··· Excerpted records

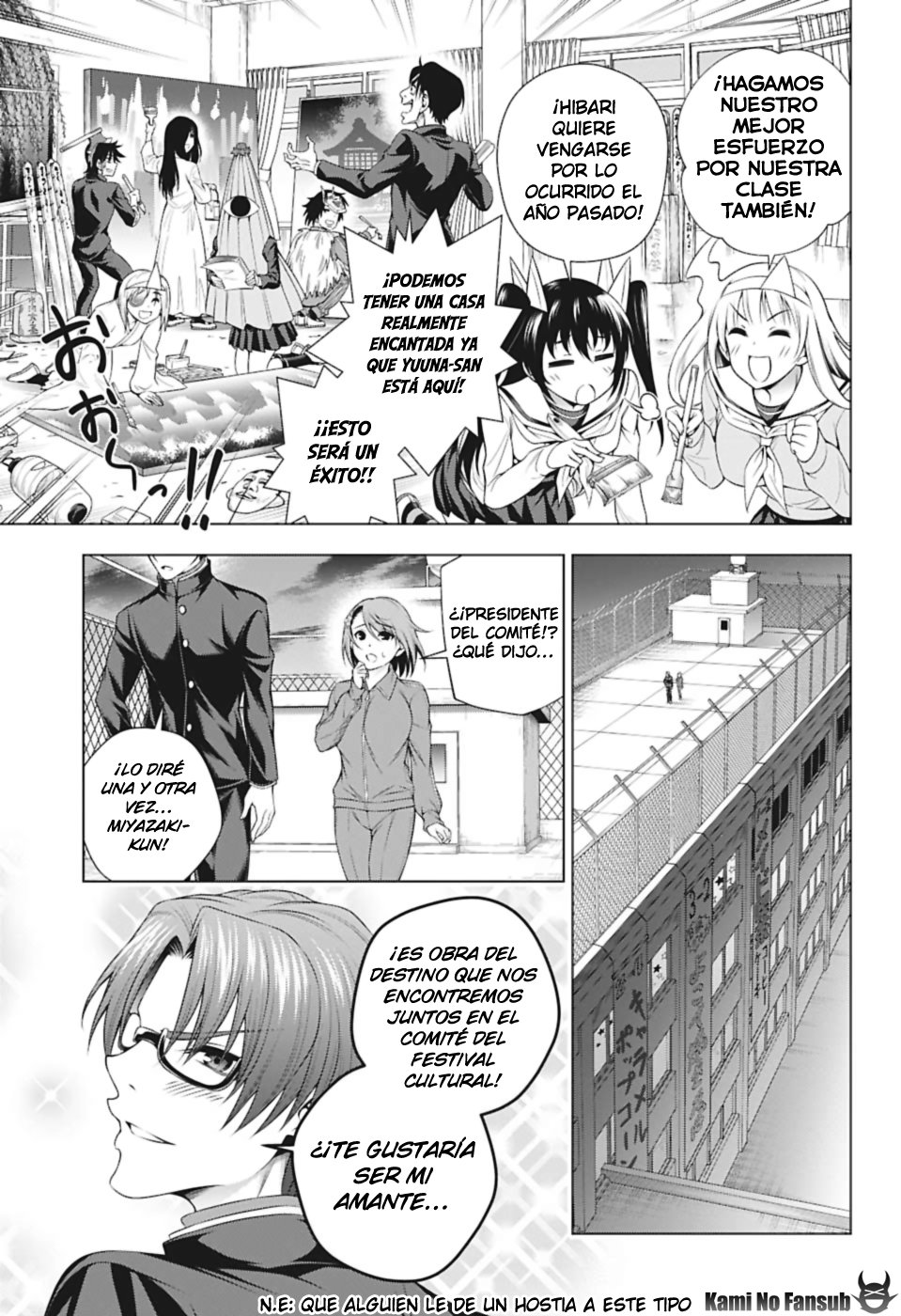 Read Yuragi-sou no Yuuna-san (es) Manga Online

······
··· Excerpted records

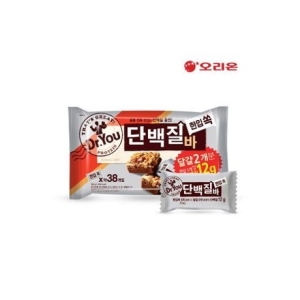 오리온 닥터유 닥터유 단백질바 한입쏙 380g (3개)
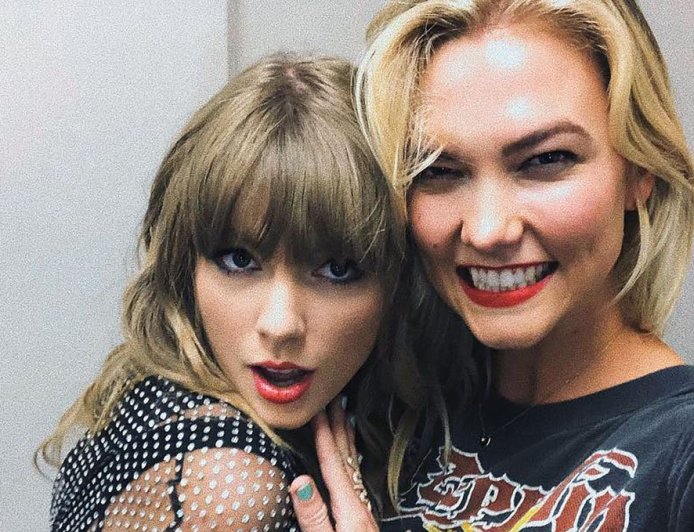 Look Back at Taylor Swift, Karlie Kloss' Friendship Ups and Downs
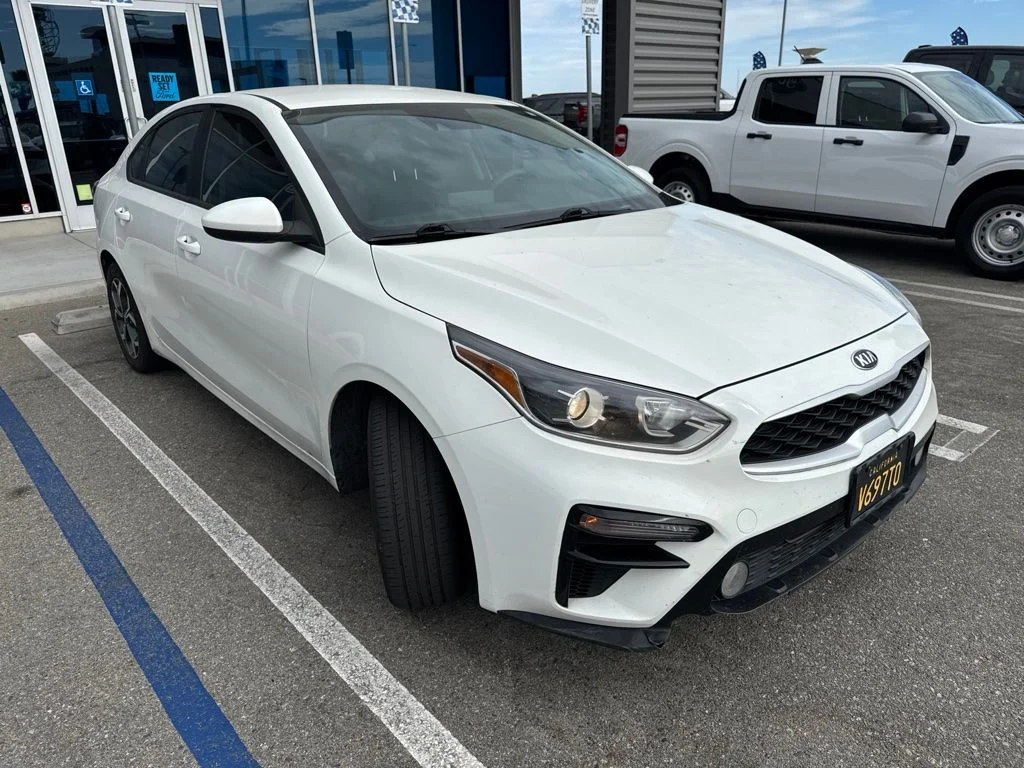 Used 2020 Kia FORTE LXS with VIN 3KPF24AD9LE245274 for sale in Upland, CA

······
··· Excerpted records

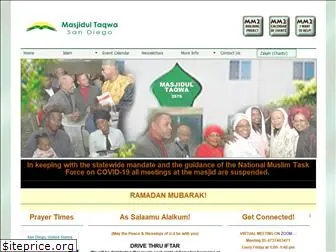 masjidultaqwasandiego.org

······

# What to work on
In the records above, find the line with "오리온 닥터유 닥터유 단백질바 한입쏙 380g (3개)" and the line with "Used 2020 Kia", then restate word for word only those two lines and all lines between, omitting pictures.

# Solution for this exercise
 오리온 닥터유 닥터유 단백질바 한입쏙 380g (3개)
 Look Back at Taylor Swift, Karlie Kloss' Friendship Ups and Downs
 Used 2020 Kia FORTE LXS with VIN 3KPF24AD9LE245274 for sale in Upland, CA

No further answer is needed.